I think this is sometimes because we spend so much time focusing on what we don’t want our dogs to be doing, that we forget to ask for things that we do want them to do.  There really are dogs out there who think that their names are “No!”  Likewise, there are many dogs out there who think that choking on their flat collars while pulling like mack trucks is a perfectly normal part of going for a walk, simply because they’ve never known any different.

The word “no” for us, has obvious negative connotations.  It’s a quick word that flies out of our mouths any time we catch our dogs in the act.  It comes to us faster than thinking up an actual cue, like “drop it” or “leave it.”  “No” seems to be effective because we’re usually yelling when we say it, which startles and distracts our dogs.  But does it teach them not to eat that delicious piece of garbage?  Sure doesn’t, folks.  It just teaches them that sometimes humans are loud and unpredictable, so it’s best to do things without them noticing.

Which begs the question…do dogs feel guilt?  I sometimes struggle with this one because their facial expressions sure do look guilty.  But these appeasement gestures have less to do with guilt and more to do with trying to “turn off” the signals of anger/frustration that you are giving off because you’ve just walked into a room to find your couch stripped to the frame.  My dog displays a guilty face when we say “what did you do?” even though she didn’t do anything at all.  She just associates that phrase with when she has been “in trouble” in the past, and now my fiance likes to say it to her because her guilty face is really cute.  He’s a work in progress.

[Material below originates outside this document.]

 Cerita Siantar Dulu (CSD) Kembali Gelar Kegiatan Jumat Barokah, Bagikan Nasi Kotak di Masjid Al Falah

Some might think “oh gosh, these positive reinforcement trainers are so namby-pamby that they won’t even say ‘no!’ to their dogs!”  It’s really not about that.  We don’t believe that saying “no” is abusive or mean.  We just think it’s a waste of breath.  Dog training is about replacing behaviours we don’t like (i.e. stealing socks and undies) with behaviours that we do like (i.e. “leave it” or “drop it”).  And of course, it’s about managing our dogs’ environments so that they’ll always be successful (i.e. put your socks and undies in the hamper, for the love of pete).

The next time you catch yourself sounding like a broken record on the smash hit album “NO! And Other Dog Training Problems,” think about what’s happening in front of you and what can be done to change it, as well as improve communication between you and your dog.